My Bridgeport came with a clone of the Kurt pneumatic drawbar closer, and I've find it very useful over the past 3-4 years since I've owned it. Last week I noticed that the collets were not being secured properly, so I unbolted the closer and pulled out the drawbar:







A glance at the end of the bar showed that the threads had been stripped:






I mounted it in the lathe and turned down the stripped part to 1/4" and then tried to line up some threaded pieces I turned with the good threads, using a 7/16-20 nut to "synchronize the threads. First I tried Loctite 620, and then JB Weld, but in both cases it was not strong enough to stand the necessary torque. So today I mounted a SHCS in the lathe using the rubberflex collets to spare the threads, and parted off the head.






Then I drilled and reamed the remaining bolt 1/4" (bolt was quite hard, so I needed to use a carbide endmill as a drill).






Then I turned off the good threads from the bar and replaced them with the hollow bold body:






Then I had a friend of mine weld the upper end of the bolt to the bar, and thereafter cleaned up the welds using the lathe.
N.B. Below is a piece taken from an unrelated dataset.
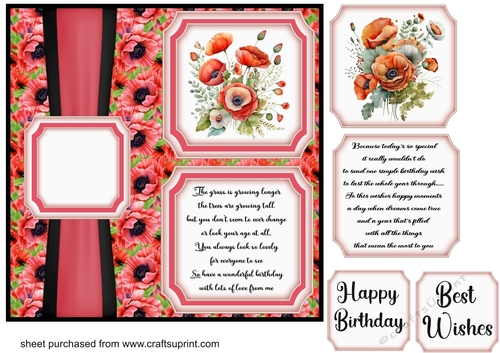 2 Panel Birthday poppy card front 6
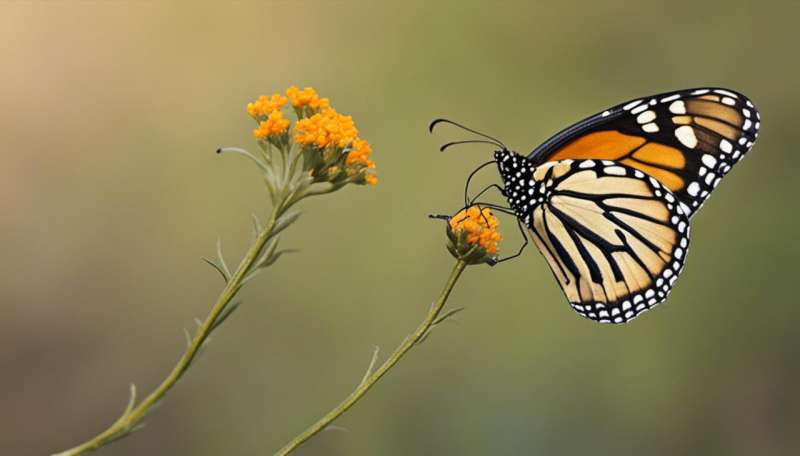 Monarch butterflies raised in captivity can still join the migration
Good as new it appears. Now I can get back to the loco buld.


----------



## lazylathe (Mar 26, 2012)

Nice repair job!!!
Keeping it simple, i like it a lot!!!

Andrew


----------



## rmw (Mar 26, 2012)

I had to do that the other day. I didn't think to use a nut to sync up the threads.. Good idea!
Greg


----------



## Swifty (Mar 27, 2012)

When I had my own tool room I had 4 bridgeports in daily use, the threads were stripping every so often. We cut the thread off the drawbar and drilled a hole in the end, then grabbed a 7/16 unf cap screw and cut the head off then turned a spigot to fit in the drawbar. They were then silver soldered in place. Far cheaper than buying or making new drawbars, they worked very well. When these stripped, just grabbed a new screw and replaced the old one.

Paul.


----------



## kvom (Mar 27, 2012)

That would have worked just as well (or faster). However, I couldn't find a long screw at the local hardware store, so did it this way.


----------



## platypus20 (Apr 5, 2012)

I did mine last week, used a piece of 7/16"-20, B-7 hardened all-thread and pinned and then plugwelded a coupling nut to. Works perfectly, short one is for mill/drill and longer one is for the Jet mill.


----------



## MachineTom (Apr 5, 2012)

What they are designed for is to cut off the worn threads, then drive out the pin at the top of the drawbar, stretch out the drawbar, then drill and install the pin.


----------